A concepção da alma racional trazida por Descartes, como uma entidade distinta do corpo e fazendo contato com este, possivelmente pela glândula pineal, pode ou não tornar-se "consciente" do fluxo diferencial do espírito trazido através do rearranjo dos espaço interfibroso. Ocorrendo esta "consciência", o resultado seria a sensação consciente do corpo afetando a mente. Por sua vez, na ação voluntária, a alma inicia o fluxo diferencial, em outras palavras, a mente também pode afetar o corpo. Esta é a base da visão dualista interacionista da relação mente-corpo, posteriormente chamada de "mente-cérebro", elevada como um dos temas centrais da filosofia a partir da obra de Descartes. Este assunto faz parte da cosmovisão, ou seja, da "visão de mundo" a qual voltarei a mencionar mais adiante.

A visão da relação mente-corpo de Descartes indica que o corpo é caracterizado pelo fato de ter uma extensão e a mente seria puro pensamento. Neste processo de busca pela verdade, talvez paradoxalmente, a reação à sua obra foi de "caos intelectual", como afirma Wozniak. Por fim, para Descartes, a ética era uma ciência, a mais elevada e perfeita delas. Como o resto das ciências, a ética teve suas raízes na metafísica. 

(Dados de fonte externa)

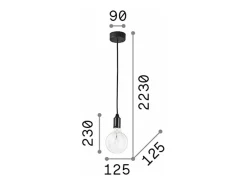 Ideal Lux Edison - Lámpara colgante de techo con 1 luz blanca, E27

Descartes morreu em 1650, após uma caminhada matinal com a rainha sueca, Christine. A causa de sua morte não é consenso: Fala-se de pneumonia ou até mesmo envenenamento. Embora Descartes declarou-se católico, seus escritos questionadores desafiaram a visão de seus contemporâneos, portanto, as autoridades religiosas consideraram seus livros perigosos. Afinal, indivíduos da igreja que priorizavam os dogmas e/ ou indivíduos que usavam da religião para ganhar poder, provavelmente se incomodaram com a propagação de tantos questionamentos e esclarecimentos feitos pelo filósofo. 

A Reação ao Dualismo Mente-Corpo (Dualismo Cartesiano) 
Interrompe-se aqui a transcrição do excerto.